Encontrar uma igreja ativa de descrentes dedicada ao amor pela humanidade — cujo princípio de ouro é “viver pelos outros” — rompeu com minha concepção dos ateus e com a fronteira que os separava dos religiosos. E isso tem implicações como desenvolvemos estudos nessa área.

Ao realizar experimentos com crentes, podemos usar múltiplos estímulos, de imagens religiosas a música, para desencadear um efeito religioso ou cognição em laboratório. Mas encontrar um equivalente para descrentes tem se mostrado difícil.

Um estudo de imagens cerebrais realizado na Universidade de Oxford comparou uma imagem da Virgem Maria com a de uma mulher comum, ambas pintadas no mesmo período. 

Pesquisadores descobriram que, quando católicos romanos se concentravam na Virgem Maria enquanto eram submetidos a choques elétricos, isso aliviava sua percepção de dor em comparação com a observação da outra mulher. Essa redução da dor estava associada ao envolvimento do córtex pré-frontal ventrolateral direito, uma região conhecida por ativar circuitos inibidores da dor.

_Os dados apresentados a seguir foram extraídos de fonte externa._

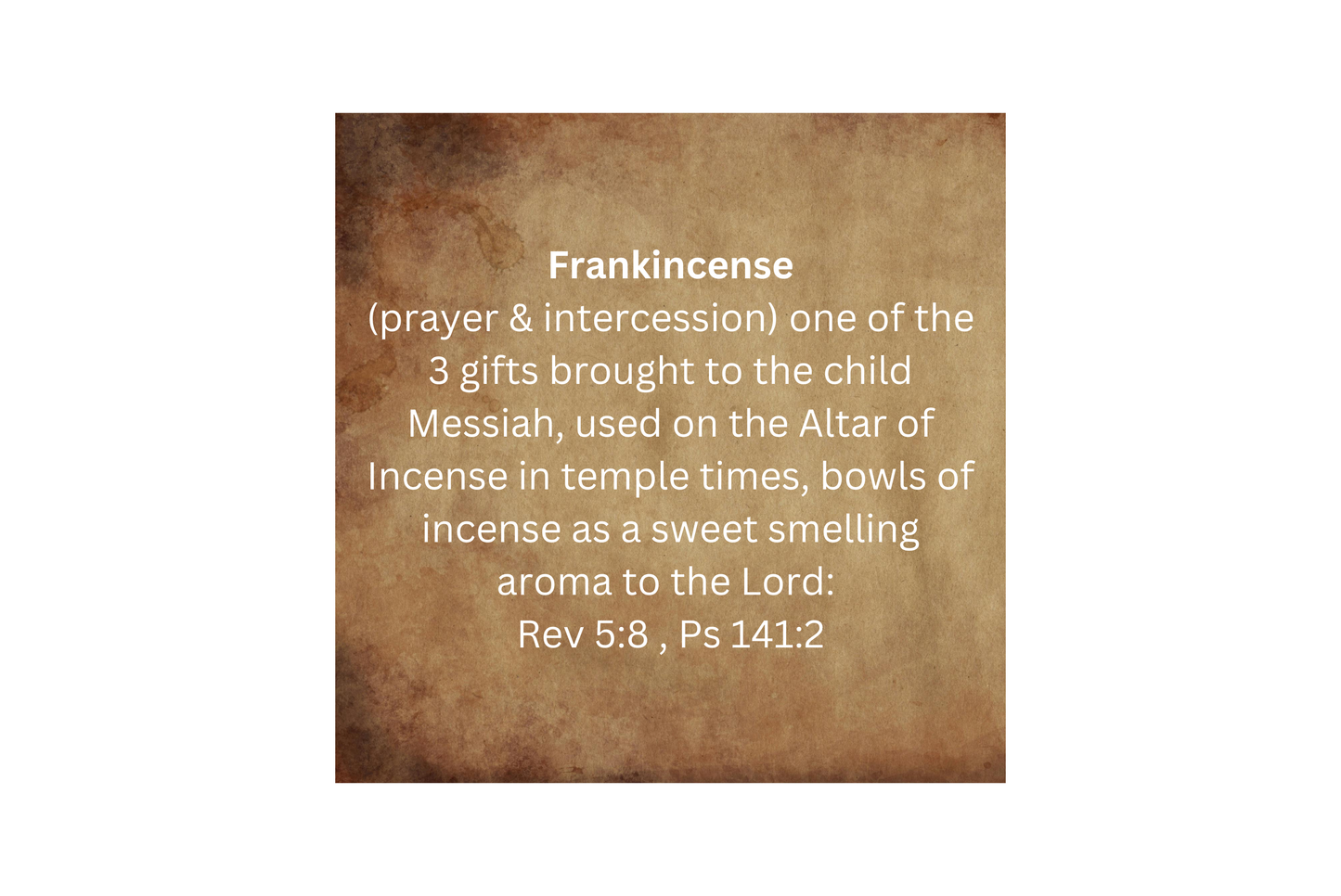 Abba Christian Products - Frankincense Prayer Oil - 1/4oz
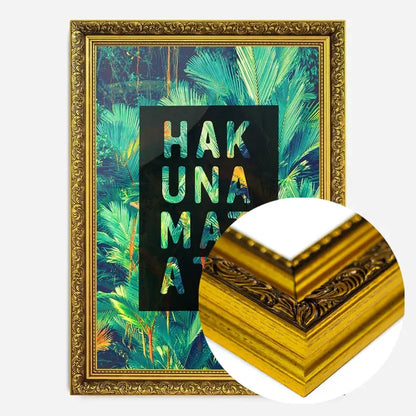 21x30cm | 8¼ x 11¾in / Gold Ornate Frame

Nenhum efeito semelhante foi encontrado entre os descrentes, embora eles tenham classificado a imagem secular como mais agradável do que a religiosa. Mas e se os descrentes testados fossem membros do Templo Positivista e, em vez disso, vissem uma imagem de sua deusa da humanidade — isso teria aliviado a dor de forma semelhante à experimentada pelos religiosos?

A futura ciência cognitiva do ateísmo terá que refletir bastante sobre como avançar. Ela precisa desenvolver modelos que considerem as variações culturais, bem como considerar as implicações do envolvimento de ateus em rituais que celebram a humanidade.